Aux premières heures de la guerre, les rebelles sont mis en déroute par les
FDS dans une offensive destinée à libérer Bouaké. Ce qui fait crier – trop tôt –
victoire au ministre de la Défense de l’époque, Moïse Lida Kouassi. C’est donc
ce moment que choisissent les troupes françaises du 43ème Bataillon
d’infanterie de marine (BIMA) – des héritiers des troupes coloniales dans
lesquelles ont servi de nombreux Africains pendant les guerres – pour demander
une trêve de deux jours aux belligérants. Le temps d’évacuer, selon les soldats
de Jacques Chirac, les ressortissants français, américains et des autres communautés
internationales de la ville. Mais, au lieu de deux jours, ils traînent le pas
deux semaines et font craindre, en toute logique, le pire aux Ivoiriens. En
réalité, le prétexte est tout trouvé pour épauler les rebelles. Une fois mis
sur orbite, les ennemis de la Côte d’Ivoire cueillent à froid les FDS, tuant
plusieurs d’entre elles, sans compter les prisonniers que ces rebelles
détiennent. Ainsi ce qui passait pour être des rumeurs en période de guerre se
révèlent juste : il est revenu de façon récurrente à la population ivoirienne
que, pendant les hostilités, les attaques des bandes terroristes sont précédées
de patrouilles de soldats ou de convois militaires français suspects. Par la
suite, quand l’Ouest montagneux est à son tour attaqué, des caisses d’armes sont saisies sur des
rebelles en plein combat. Elles sont estampillées « Ambassade de France au
Burkina Faso ». La connexion entre la France et le Burkina Faso dans la guerre
faite à la Côte d’Ivoire est établie. La France est pourvoyeuse d’armes, le
Burkina sert de base-arrière aux agresseurs de la Côte d’Ivoire. De plus en
plus, la vérité se manifeste.
Les soldats français, dans un coup de gueule qui tranche avec le sacré
langage militaire, avouent un bon matin que les rebelles sont plus armés que
les soldats ivoiriens. Ainsi pour prévenir, selon eux, une débâcle des FDS, un
cessez-le-feu doit être signé entre les deux belligérants. Ce qui est effectif
en septembre 2002. Juste après, le président Laurent Gbagbo tend la main à la
France qu’il croyait certainement de bonne foi : « Nous n’aurons la force tampon que d’ici une semaine. J’ai demandé à
la France de jouer, pour le moment et ce, pendant une semaine, le rôle de force
tampon pour permettre de surveiller la non-belligérance d’une part et d’autre
part, de mettre en place l’administration dans les zones où elle a disparu, en
entendant que la CEDEAO commence à les désarmer (les rebelles, ndlr) »,
annonce le président ivoirien, dans un discours à la nation, le 17 octobre
2002. En fait, la déclaration de Laurent Gbagbo fait suite à l’accord de Bouaké
signé, quelques heures auparavant, avec la médiation du Groupe de contact de la
CEDEAO.
La France, qui n’attendait pas mieux, saisit la perche. Elle met en branle sa
machine d’hypocrisie. Jacques Chirac prétend qu’il veut éviter « un Rwanda bis »
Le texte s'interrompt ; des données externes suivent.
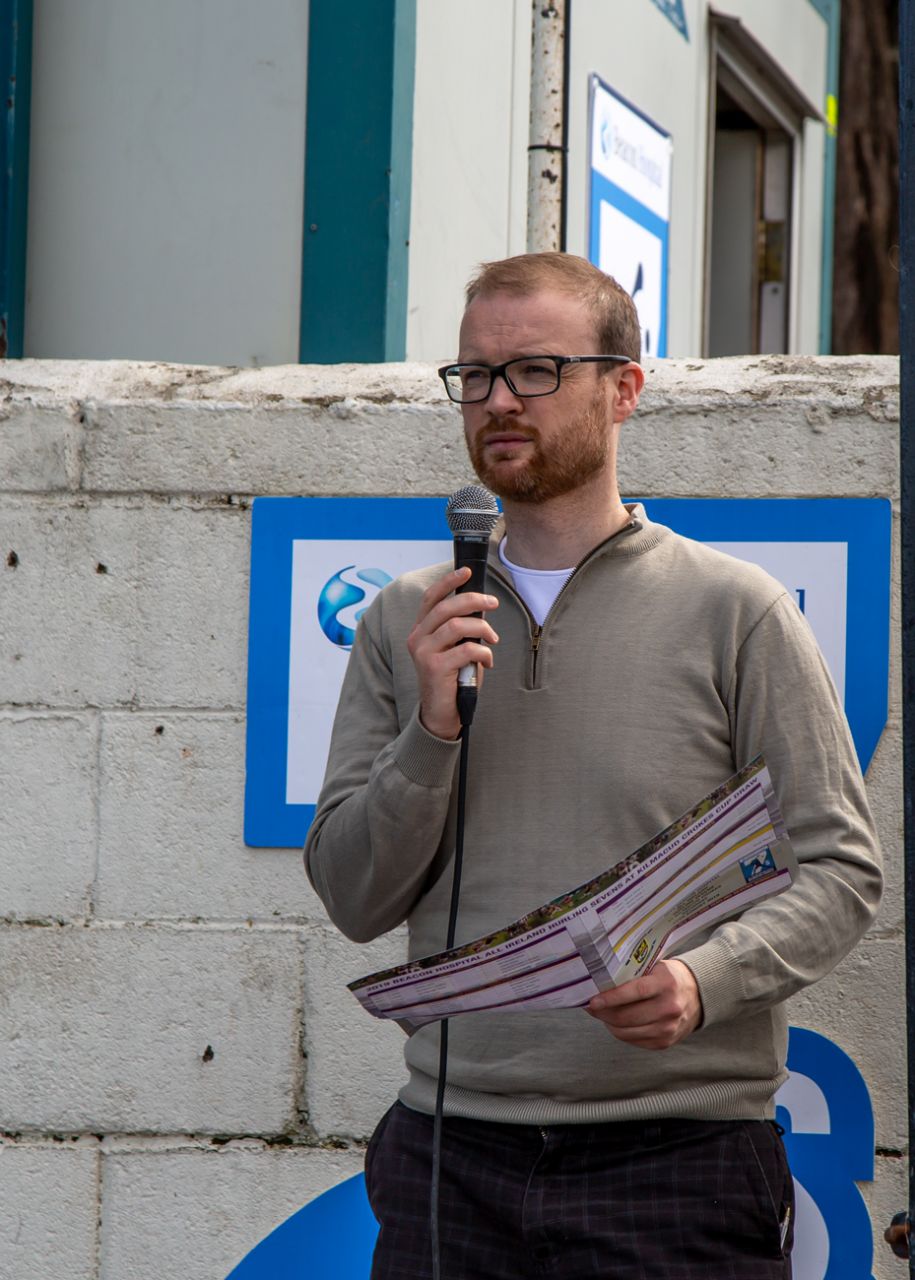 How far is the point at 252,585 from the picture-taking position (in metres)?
3.36

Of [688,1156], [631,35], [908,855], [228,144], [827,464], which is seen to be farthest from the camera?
[631,35]

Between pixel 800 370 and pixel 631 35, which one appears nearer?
pixel 800 370

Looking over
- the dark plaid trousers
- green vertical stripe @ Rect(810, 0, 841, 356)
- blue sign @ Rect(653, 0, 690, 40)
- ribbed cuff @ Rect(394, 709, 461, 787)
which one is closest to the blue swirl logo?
ribbed cuff @ Rect(394, 709, 461, 787)

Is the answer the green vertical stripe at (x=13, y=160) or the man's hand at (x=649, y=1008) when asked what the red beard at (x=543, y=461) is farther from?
the green vertical stripe at (x=13, y=160)

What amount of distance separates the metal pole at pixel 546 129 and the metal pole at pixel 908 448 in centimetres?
271

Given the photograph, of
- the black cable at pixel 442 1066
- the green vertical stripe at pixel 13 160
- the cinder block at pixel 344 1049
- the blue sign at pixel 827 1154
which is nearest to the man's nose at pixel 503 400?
the black cable at pixel 442 1066

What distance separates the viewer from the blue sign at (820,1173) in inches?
120

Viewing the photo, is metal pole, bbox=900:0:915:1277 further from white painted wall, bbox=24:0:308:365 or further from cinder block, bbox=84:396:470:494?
white painted wall, bbox=24:0:308:365

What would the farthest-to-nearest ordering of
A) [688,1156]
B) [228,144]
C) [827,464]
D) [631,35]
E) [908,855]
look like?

sur le sol ivoirien. Dès lors, s’appuyant sur les accords de défense que la
France colonialiste a signés avec la Côte d’Ivoire le 24 avril 1961, soit
quelques mois après l’indépendance du jeune Etat acquise le 7 août 1960, le
ministère français de la Défense dépêche, sur le territoire ivoirien, de
nombreuses unités. Les premières à y débarquer sont les légionnaires. Leur
mission est de bloquer la progression des rebelles vers Yamoussoukro, la
capitale politique du pays, et d’autres zones au-delà de ce qu’occupent déjà
Guillaume Kigbafori Soro et ses rebelles de tueurs, de violeurs, de pilleurs et
de buveurs de sang humain. Les soldats français devraient également porter
assistance aux troupes ivoiriennes. Mais rien de suffisamment clair en réalité.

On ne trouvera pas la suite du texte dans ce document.